Activity.
Pictures excluded, copy all of the data below exactly.

*** Data under study ***

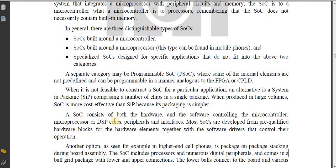A SOC consists of both the hardware and the software controlling the microcontroller, microprocessor or DSP cores, peripherals, and interfaces. Most SOCs are developed from pre-qualified hardware blocks for the hardware elements, together with the software drivers that control their operations.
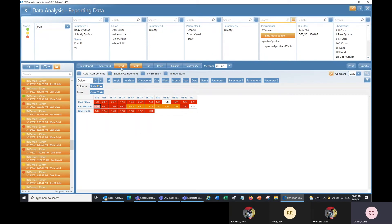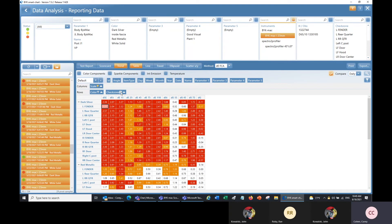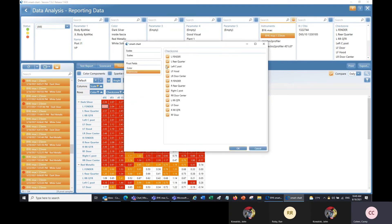Here we are in the trend section. I've filtered my data and selected the test series I want to see. This trend table is a pivot chart just like the scorecard section, with categories in columns and rows. Currently the rows have data separated by color, meaning it averages each value across all check zones and all selected test series for each color. If I'd like to split that data up by check zone, I can drag check zone down here. I can also click to select only the check zones I want to see.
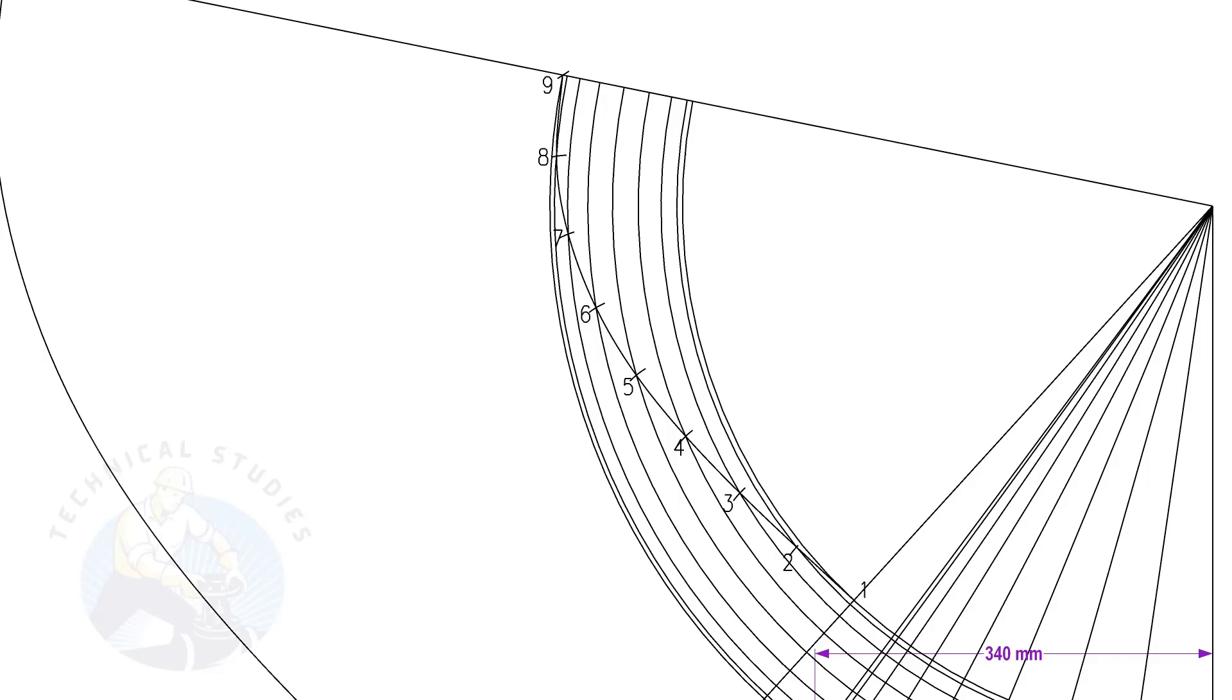Now we have the half layout of the cone. I suggest making a template of this layout and marking the other side, or you can complete the layout by repeating the same method.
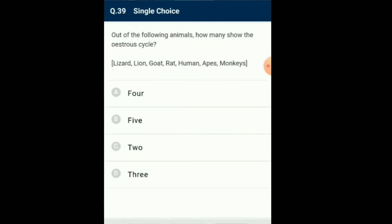Question number 39: Out of the following animals, how many show the estrous cycle? Lion, goat and rat show the estrous cycle. Lizard is oviparous. Human, apes and monkeys show the menstrual cycle. So the answer for this question is option D: from the given animals, three animals are showing the estrous cycle.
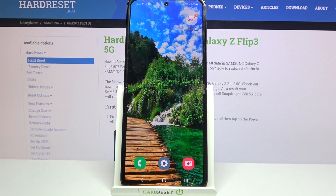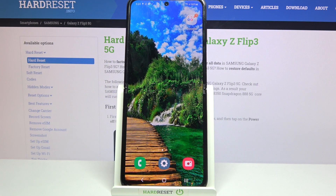Hi! In front of me is Samsung Galaxy Z Flip3 and today I would like to show you how you can manage app permissions on the Samsung.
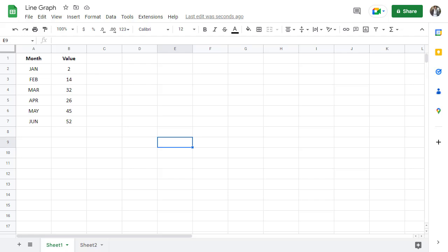Now to create a line graph in Google Sheets, you need two things. First, you need your list of categories which represent intervals of time such as weeks, years, or months.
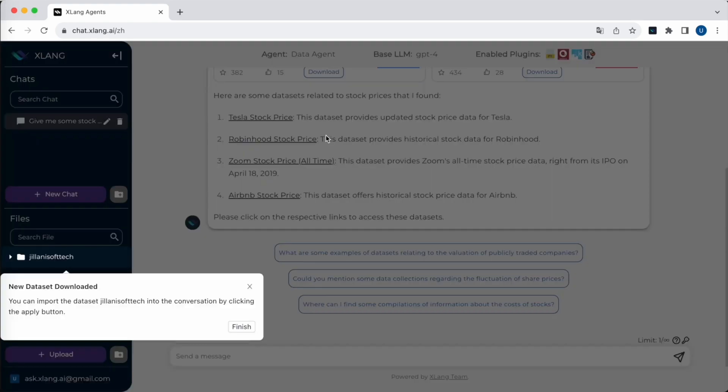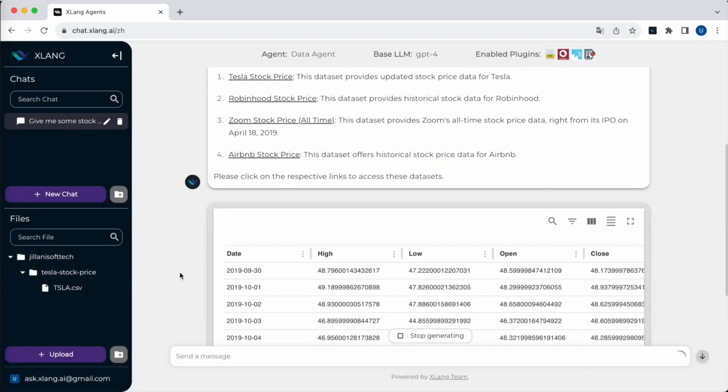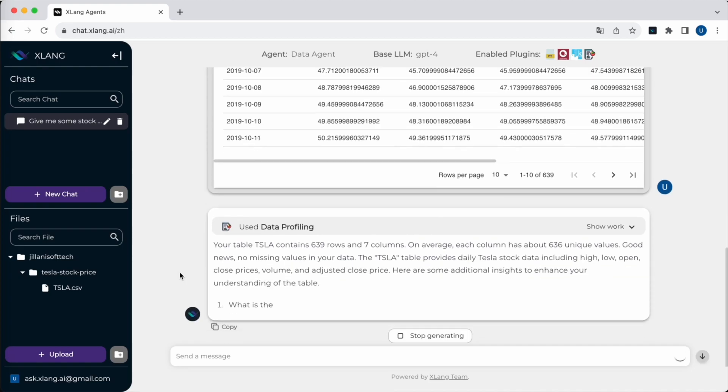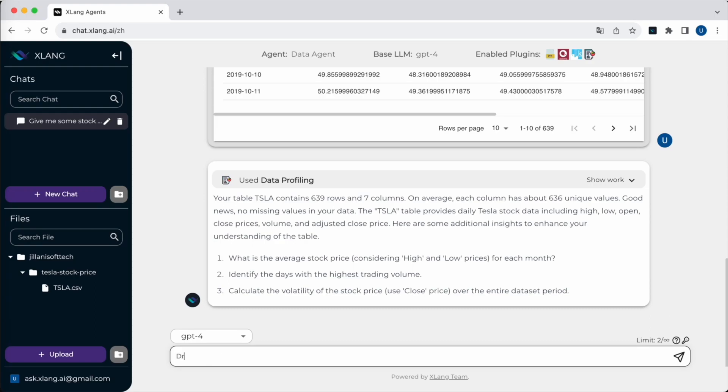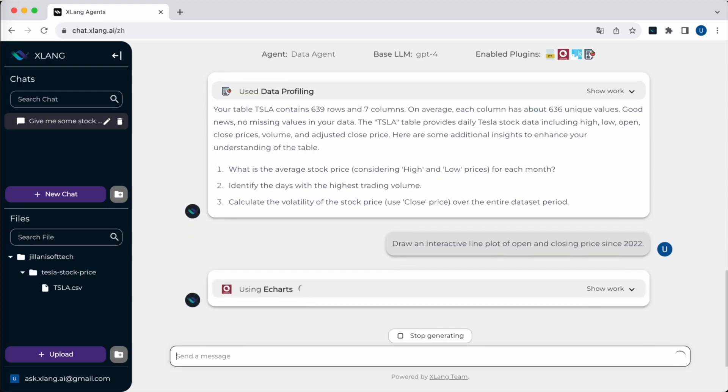The data agent will now give some basic information about the file and give some insights about what I can do with the data. Now I want to visualize the open and closing prices since 2022. The agent will leverage the capabilities of the ECharts library to create an interactive line plot for me.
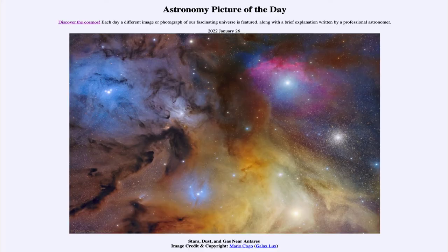Greetings and welcome to the Introduction to Astronomy. One of the things that I like to do in each of my introductory astronomy classes is to begin the class with the Astronomy Picture of the Day from the NASA website, that is apod.nasa.gov/apod, and today's picture is for January 26th of 2022.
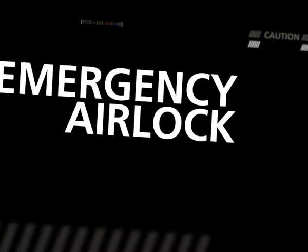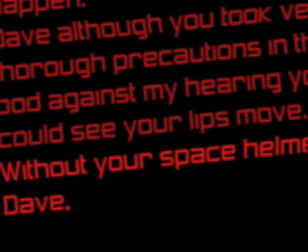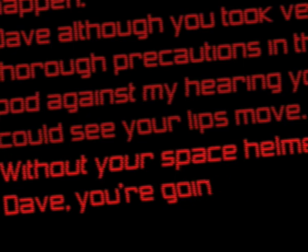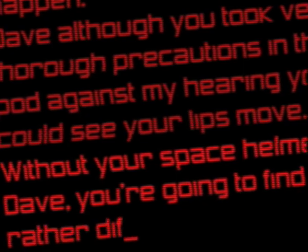All right, Hal. I'll go in through the emergency airlock. Without your space helmet, Dave, you're going to find that rather difficult.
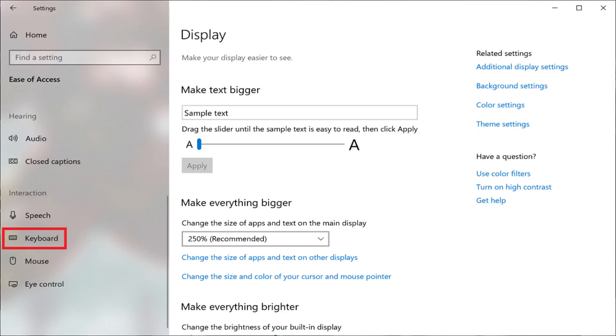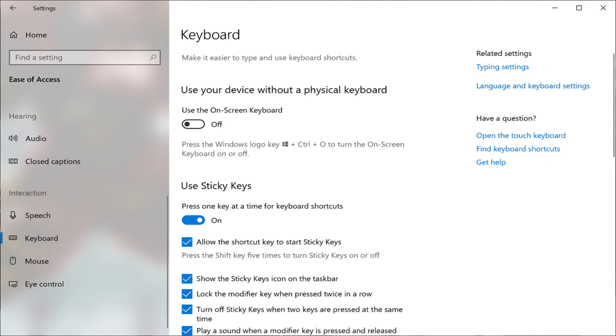Step 3. Scroll down and then click Keyboard in the menu on the left side of the screen. The keyboard options appear on the right side of the screen.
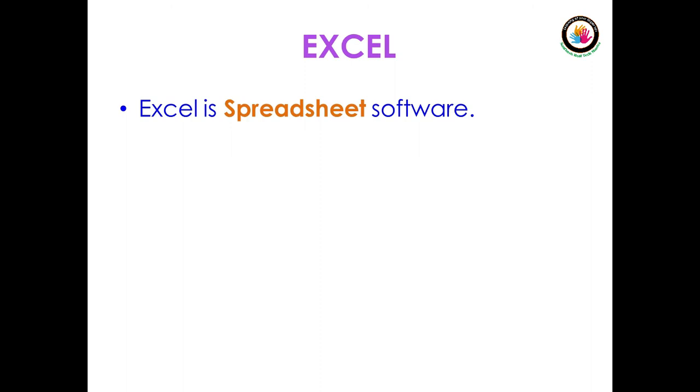What is a spreadsheet software? A spreadsheet is a combination of rows and columns. Then what is the advantage of a spreadsheet? Automated calculations is the advantage of spreadsheets.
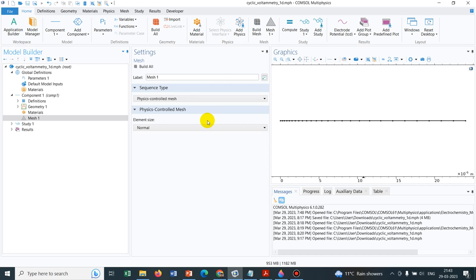I will recommend two papers which are important to read if you are starting work with Cyclic Voltammetry. One paper is published in Chemical Education — a very important paper. I have followed this paper and learned many things about Cyclic Voltammetry. Based on that, we also wrote a paper on Cyclic Voltammetry using COMSOL, which is available as a preprint on ResearchGate. I will share the link in the description box.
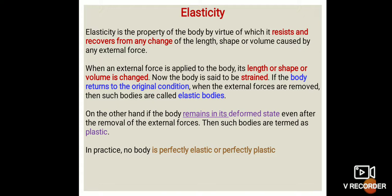In practice, no body or object is perfectly elastic or perfectly plastic. There is always some permanent strain. When we apply force, it produces stress and strain in the material. These are scientific terms we use to describe the response of a material to applied force.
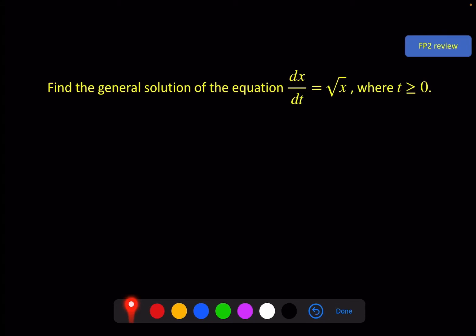Hello, and welcome to the second video of the FP2 chapter, First Order Differential Equations. On the screen, something to review our previous video. Find the general solution of this equation where t is greater than or equal to 0. With first order differential equations, the first thing to look for is always whether or not you can separate the variables. Here we can, so we will.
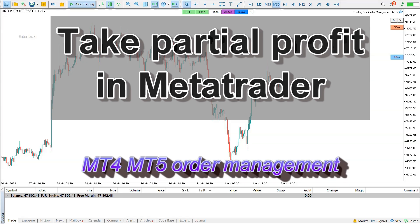Hello Traders, welcome to this video. I will show you how to take partial profit in MetaTrader 4 and MetaTrader 5 with this tool, Trading Box Order Management.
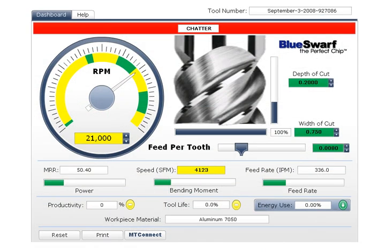This is a demonstration of the Tool Dashboard by Bluesworth. It is customized for each unique machining center and cutting tool assembly combination in order to enable maximum possible performance.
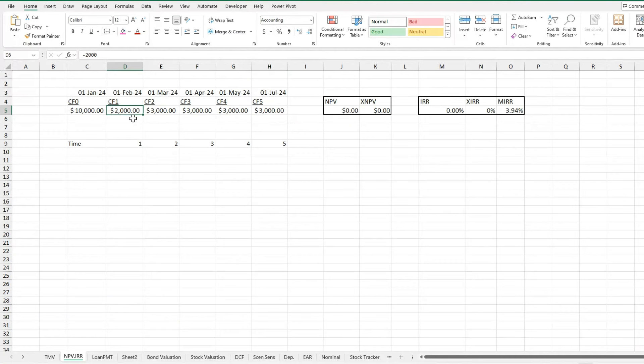And that is how you use all the IRR functions and the NPV functions in Excel. I hope you enjoyed. If you enjoyed, leave a like and comment down below anything else you would like to see in the future.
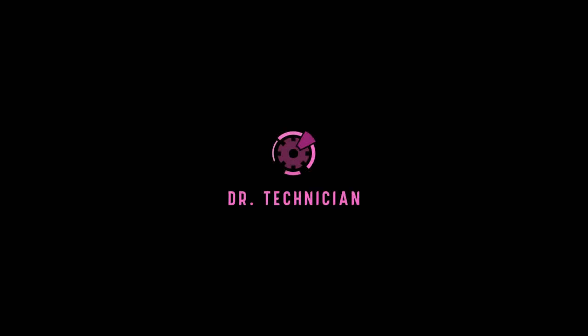What's going on? This is Dr. Technician, helping you go further faster in technical fields. In this video,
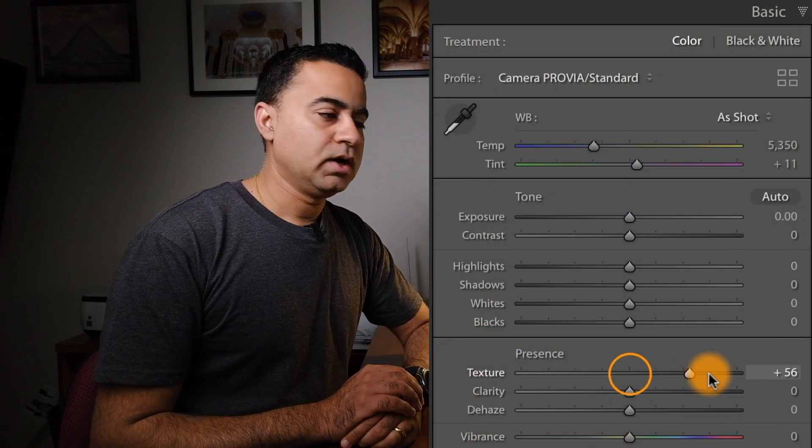Hey guys, welcome back to my channel. Today I want to talk to you about Lightroom and this new option that has been added to Lightroom Classic CC — it's called Textures.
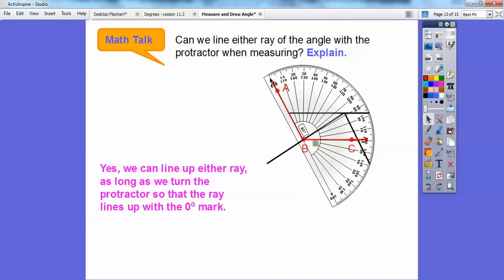Now we're using the top numbers, and we see where this ray comes out. Going on the top scale: zero, 10, 20, 30, 40, 50, 60, 90, 100, 110, 120 — there's 120 right there. So it still gives us 120 degrees. You just have to make sure the little center piece is on the vertex and zero lines up with the other ray.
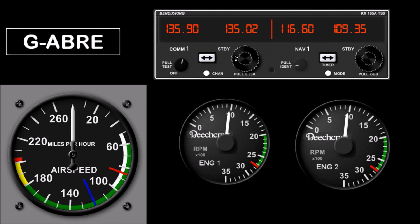And it works just like the comm radio would normally work. I have this set up to work on both FSX and X-Plane, and it seems to work well on both.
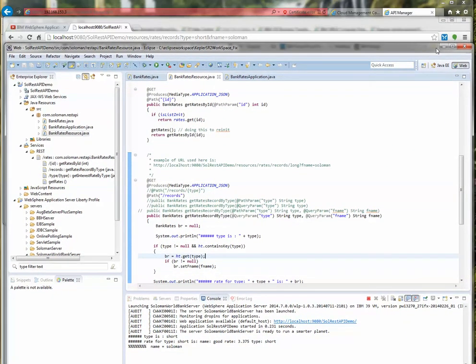So now we're done with part two. In the next part I'm going to take this API — the get rates record by type — and expose it within the API management. In part three I'll create all the necessary parts in API management: we already defined the Solomon World Bank organization, but I'll define the resources and everything else needed to get this end-to-end application working. I'll see you in the next part, which is part number three.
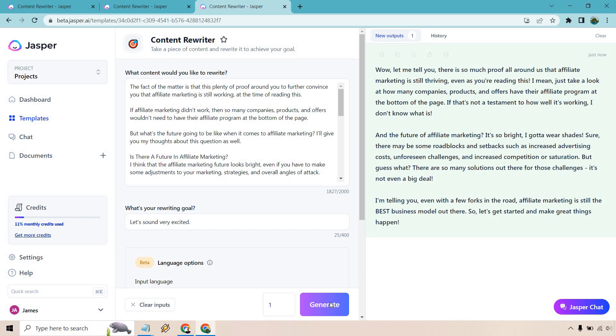But anyway that about does it when it comes to the Jasper.ai content rewriter. You can use this to rewrite chunks of specific articles or you can do what I did, open up multiple templates, paste it in different sections and rewrite actual full articles if you want to go that route.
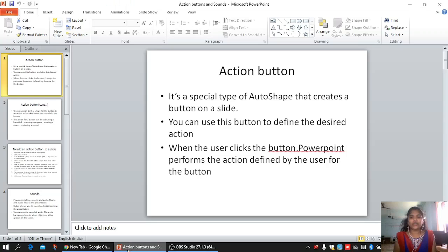Hello friends. In our session, we were discussing our fourth chapter, more on PowerPoint presentations 2007. This is part six and now we are going to discuss two more points. The first point is about action buttons and the second point is about sound. Let us discuss what these two functions actually are.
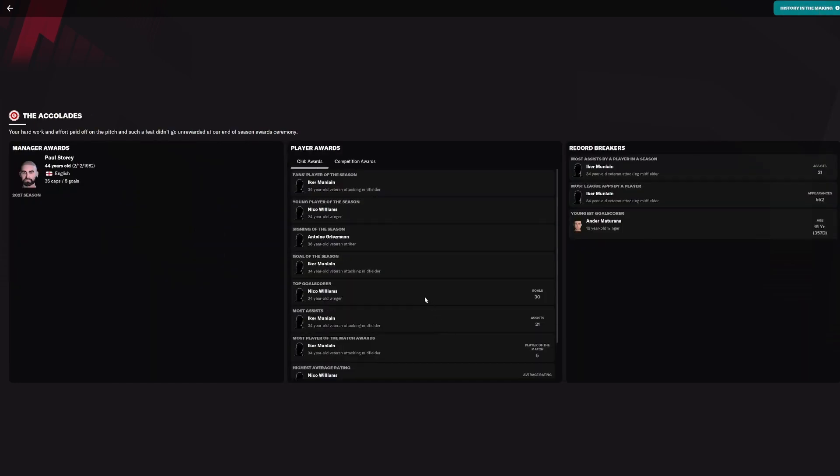And the problem is we've got too many... I mean, Griezmann we knew was going to be a signing that wasn't for the future. But, like, Amunayin's 34 and Aki Williams is 32. There's a lot of key players that are aging. And Eagle Martinez is retired, struggling at centre-half.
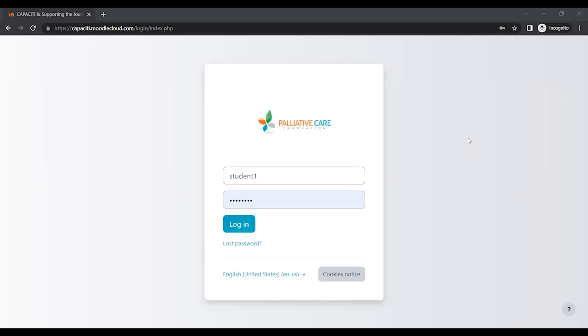So this is a quick tutorial on how to access the Moodle site for supporting the journey home and how you're going to be accessing the learning materials moving forward. So all the instructions, relevant links, and your login information will be emailed to you prior. This is just a video to accompany the instructions.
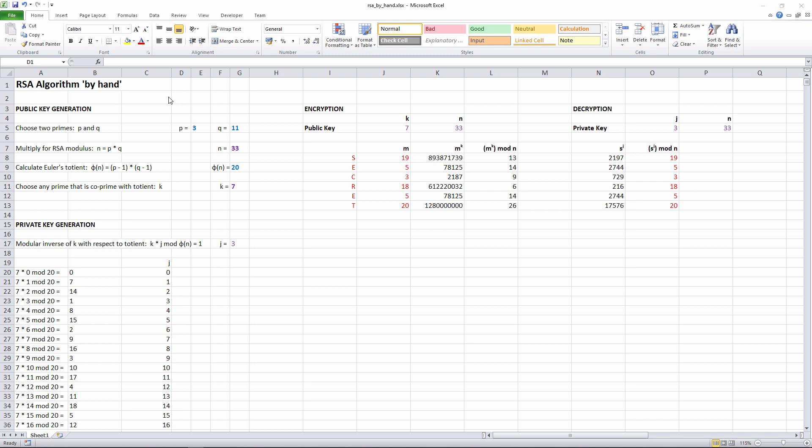To illustrate the elegance of asymmetric key cryptography and just how clever the RSA algorithm is, I'm going to show you how to do the calculations by hand, or at least using a spreadsheet.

*** End of Data under study ***

Written answer.
A SOC consists of both the hardware and the software controlling the microcontroller, microprocessor or DSP cores, peripherals, and interfaces. Most SOCs are developed from pre-qualified hardware blocks for the hardware elements, together with the software drivers that control their operations.
Here we are in the trend section. I've filtered my data and selected the test series I want to see. This trend table is a pivot chart just like the scorecard section, with categories in columns and rows. Currently the rows have data separated by color, meaning it averages each value across all check zones and all selected test series for each color. If I'd like to split that data up by check zone, I can drag check zone down here. I can also click to select only the check zones I want to see.
Now we have the half layout of the cone. I suggest making a template of this layout and marking the other side, or you can complete the layout by repeating the same method.
Question number 39: Out of the following animals, how many show the estrous cycle? Lion, goat and rat show the estrous cycle. Lizard is oviparous. Human, apes and monkeys show the menstrual cycle. So the answer for this question is option D: from the given animals, three animals are showing the estrous cycle.
Hi! In front of me is Samsung Galaxy Z Flip3 and today I would like to show you how you can manage app permissions on the Samsung.
Now to create a line graph in Google Sheets, you need two things. First, you need your list of categories which represent intervals of time such as weeks, years, or months.
The data agent will now give some basic information about the file and give some insights about what I can do with the data. Now I want to visualize the open and closing prices since 2022. The agent will leverage the capabilities of the ECharts library to create an interactive line plot for me.
Greetings and welcome to the Introduction to Astronomy. One of the things that I like to do in each of my introductory astronomy classes is to begin the class with the Astronomy Picture of the Day from the NASA website, that is apod.nasa.gov/apod, and today's picture is for January 26th of 2022.
All right, Hal. I'll go in through the emergency airlock. Without your space helmet, Dave, you're going to find that rather difficult.
Step 3. Scroll down and then click Keyboard in the menu on the left side of the screen. The keyboard options appear on the right side of the screen.
What is a spreadsheet software? A spreadsheet is a combination of rows and columns. Then what is the advantage of a spreadsheet? Automated calculations is the advantage of spreadsheets.
I will recommend two papers which are important to read if you are starting work with Cyclic Voltammetry. One paper is published in Chemical Education — a very important paper. I have followed this paper and learned many things about Cyclic Voltammetry. Based on that, we also wrote a paper on Cyclic Voltammetry using COMSOL, which is available as a preprint on ResearchGate. I will share the link in the description box.
In practice, no body or object is perfectly elastic or perfectly plastic. There is always some permanent strain. When we apply force, it produces stress and strain in the material. These are scientific terms we use to describe the response of a material to applied force.
Hello, and welcome to the second video of the FP2 chapter, First Order Differential Equations. On the screen, something to review our previous video. Find the general solution of this equation where t is greater than or equal to 0. With first order differential equations, the first thing to look for is always whether or not you can separate the variables. Here we can, so we will.
Hello Traders, welcome to this video. I will show you how to take partial profit in MetaTrader 4 and MetaTrader 5 with this tool, Trading Box Order Management.
This is a demonstration of the Tool Dashboard by Bluesworth. It is customized for each unique machining center and cutting tool assembly combination in order to enable maximum possible performance.
And that is how you use all the IRR functions and the NPV functions in Excel. I hope you enjoyed. If you enjoyed, leave a like and comment down below anything else you would like to see in the future.
What's going on? This is Dr. Technician, helping you go further faster in technical fields. In this video,
Hey guys, welcome back to my channel. Today I want to talk to you about Lightroom and this new option that has been added to Lightroom Classic CC — it's called Textures.
Now we're using the top numbers, and we see where this ray comes out. Going on the top scale: zero, 10, 20, 30, 40, 50, 60, 90, 100, 110, 120 — there's 120 right there. So it still gives us 120 degrees. You just have to make sure the little center piece is on the vertex and zero lines up with the other ray.
And it works just like the comm radio would normally work. I have this set up to work on both FSX and X-Plane, and it seems to work well on both.
So now we're done with part two. In the next part I'm going to take this API — the get rates record by type — and expose it within the API management. In part three I'll create all the necessary parts in API management: we already defined the Solomon World Bank organization, but I'll define the resources and everything else needed to get this end-to-end application working. I'll see you in the next part, which is part number three.
But anyway that about does it when it comes to the Jasper.ai content rewriter. You can use this to rewrite chunks of specific articles or you can do what I did, open up multiple templates, paste it in different sections and rewrite actual full articles if you want to go that route.
Hello friends. In our session, we were discussing our fourth chapter, more on PowerPoint presentations 2007. This is part six and now we are going to discuss two more points. The first point is about action buttons and the second point is about sound. Let us discuss what these two functions actually are.
And the problem is we've got too many... I mean, Griezmann we knew was going to be a signing that wasn't for the future. But, like, Amunayin's 34 and Aki Williams is 32. There's a lot of key players that are aging. And Eagle Martinez is retired, struggling at centre-half.
So this is a quick tutorial on how to access the Moodle site for supporting the journey home and how you're going to be accessing the learning materials moving forward. So all the instructions, relevant links, and your login information will be emailed to you prior. This is just a video to accompany the instructions.
To illustrate the elegance of asymmetric key cryptography and just how clever the RSA algorithm is, I'm going to show you how to do the calculations by hand, or at least using a spreadsheet.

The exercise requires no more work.